The main motivation for introducing the attention mechanism comes from the flaws of classicc RNN. The central idea of RNN is to analyse the elements in the sequence one by one and use the information to analyse the next elements.

This idea is good, but it creates difficulties regarding information persistence (memory) in the neuron. Even LSTM layers' performance starts to crumble when attempting to analyse very long sequences (beyond 50 in length). 

In addition to this, RNN are very slow and hard to train because of the great number of function compositions that make it difficult for the gradient descent algorithm to function properly.

## Attention theory



### The concept 

The principle of Attention is as follows:

_If someone asks to write the wikipedia article about the stars wars character Darth Vader, you may:_ 

1. _Watch the entire Series of movies._ 
2. _Watch only the portions where this character appears or is metionned!_

Attention follows the same principle as the `.2' proposal, you will ask your neural network to focus only on the parts of your data that are relevant to your prediction at a given time!

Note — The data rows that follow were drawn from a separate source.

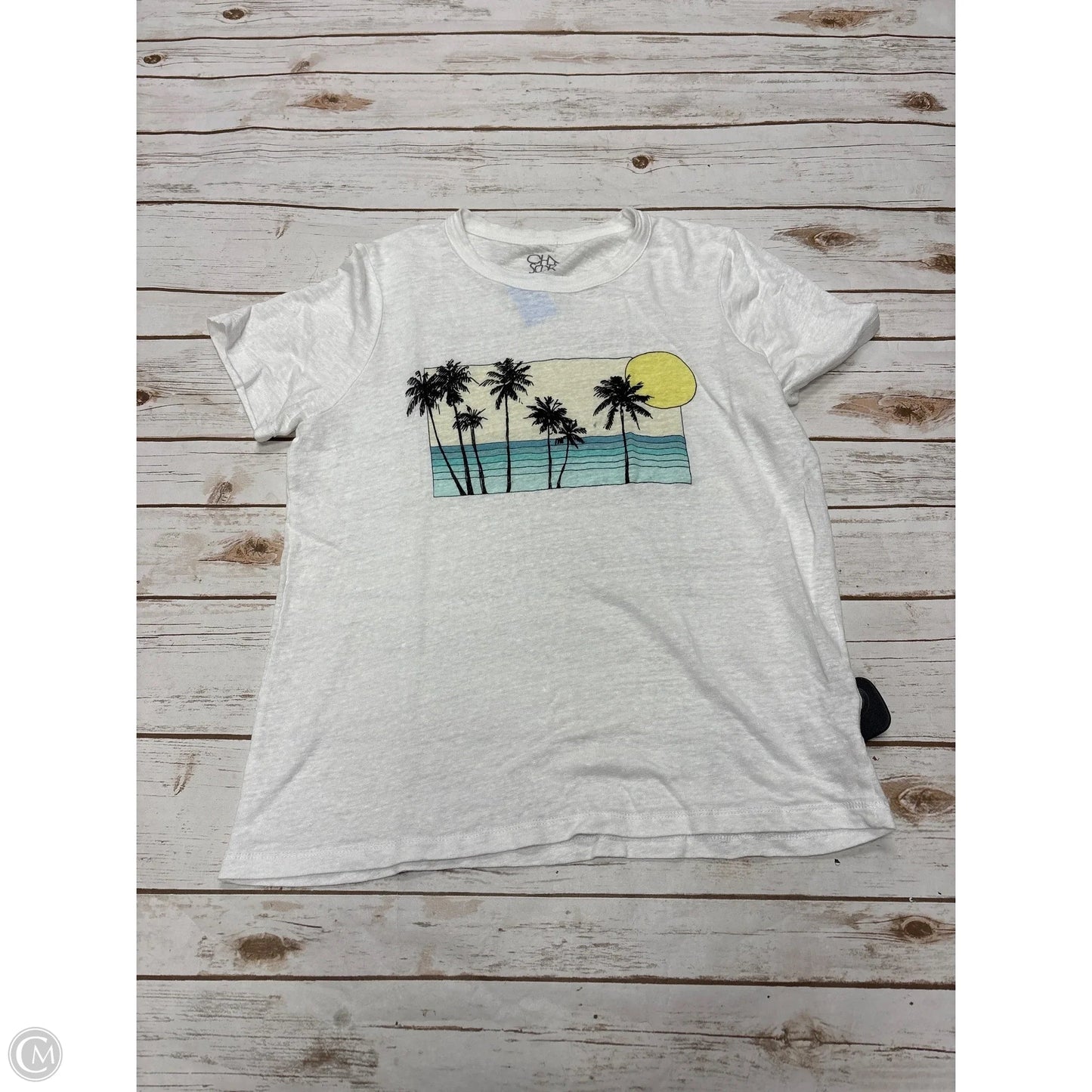 Top Short Sleeve By Chaser In White, Size: L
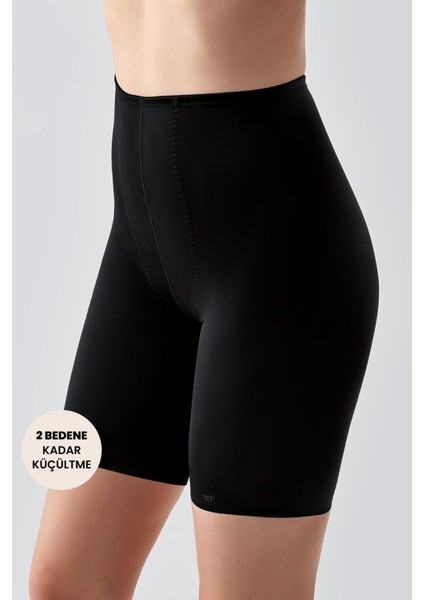 Uzun Lazer Kesim Boxer Korse 9602 Siyah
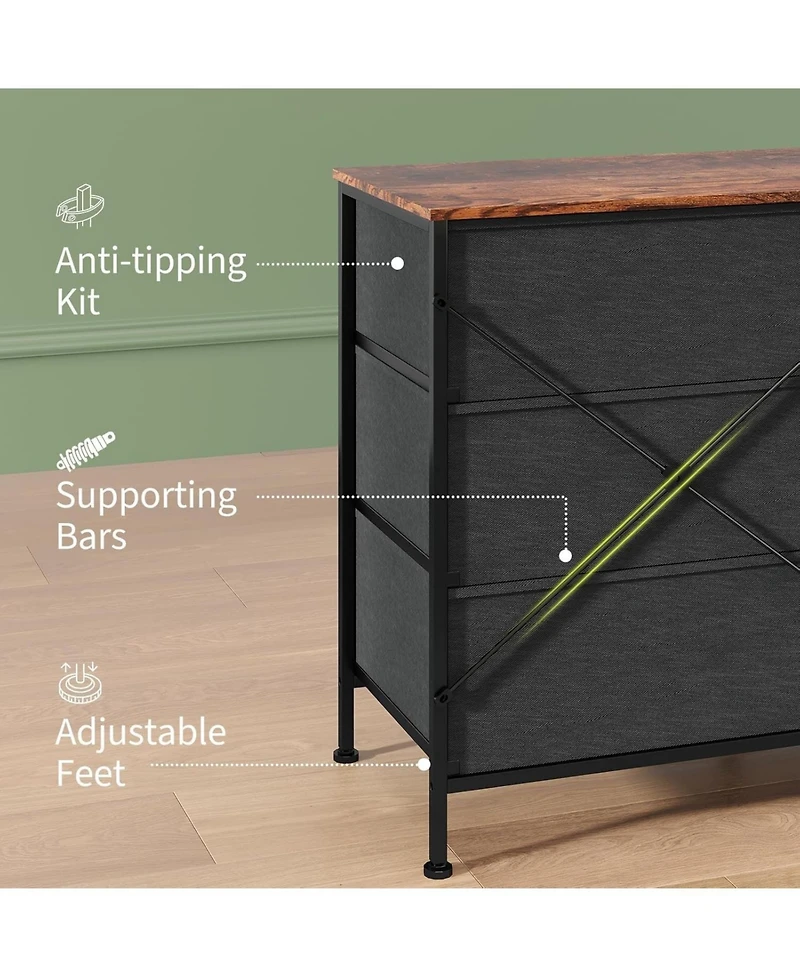 gaomon 63" Tv Stand with 8 Fabric Drawers and Led Lighting, Steel Frame Media Console for 65 70 75 Inch Televisions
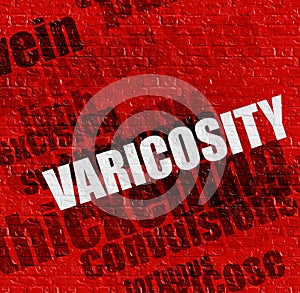 Modern medical concept: Varicosity on Red Wall.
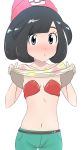 breasts hand_bra moon_(pokemon) moon_(trainer) pokemon pokemon_sm rotom shirt_lift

In the context of translation for example, each time you have to predict a new word from the output sequence, you will ask the network to focus on a different portion of the input that is relevant at this point in time.

In the context of an image captioning, we can define areas on the image that the model must *focus* on. The colored areas correspond the attention level that the model is giving to different pixels in the image when trying to output the corresponding underlined word in the output sequence.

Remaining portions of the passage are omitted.